Human trafficking is the transport or trade of people from one country to another -- often for the purpose of selling them against their will into the sex trade or forcing them into other degrading work.

"Slavery by descent" is a term used to describe those born into an economic class or from an ethnic group that is viewed by others as exploitable.

Some activists also argue that forced marriage is a form of slavery because women and young girls often are "sold" for a dowry and forced against their will into a life of servitude and physical abuse.
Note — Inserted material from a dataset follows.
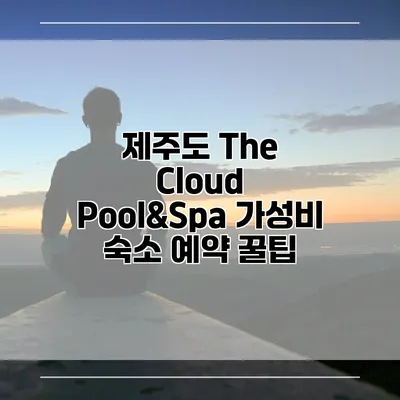 제주도 The Cloud Pool&Spa 가성비 숙소 예약 꿀팁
The UN, however, classifies forced marriage as a "harmful traditional practice" that often leads to violations of human rights.

Doctor Fahima Saadat provides medical care for Afghan children and their parents at the Khurasan refugee camp in Peshawar, Pakistan. She says she has treated many poor Afghan workers who have been physically or sexually abused by employers who keep them in conditions of virtual slavery.

Saadat relates the story of a 20-year-old Afghan woman named Najeya. With her father debilitated by a kidney operation and her mother too old to work, Najeya took a job as a cleaner at the home of a wealthy man in Peshawar.

Najeya came to Saadat with complaints of pain and learned from medical tests that she was pregnant. She then broke down and confessed she was being sexually abused by her employer on a regular basis. She threatened to commit suicide to prevent her family and others from discovering her pregnancy -- saying she preferred death to shame.

Yet, Saddat says that after secretly receiving an abortion, Najeya returned to the same job -- saying she had no choice. "The one thing I can think of that is the cause of these stories is extreme poverty," Saddat said. "The desperation from living as a refugee in a foreign country. Although they are victims of sexual attacks, they still go back to the same job after treatment because they are obliged to do so."

Poverty Breeds Slavery

The London-based nongovernmental organization Anti-Slavery International says, despite its many variations, all forms of modern slavery share several common characteristics. 

One is that slaves are usually forced to work through mental or physical threats, and are either owned or controlled by a so-called "employer."

Modern-day slaves also are dehumanized and treated as a commodity. They are sometimes even bought or sold as property, much like the 19th-century "chattel slaves" who were traded on the open market and used to breed future generations of slaves.

Anti-Slavery International says slaves are also often physically constrained or have restrictions placed on their freedom of movement.

Robin Romano concludes that modern slavery will continue to exist as long as there are economically desperate people and a lack of political will by authorities to enforce existing laws.

"A slave is a slave," Romano said. "And to call it either 'chattel slavery' or 'bonded slavery' or any other type of slavery -- it still means slavery. And that is where people are coerced against their will to do work that is inhumane, is undignified and is absolutely killing." (Ron Synovitz).

Cited from: Slavery Survives, Despite Universal Abolition, Ron Synovitz, Radio Free Europe/Radio Liberty, 30 August 2005.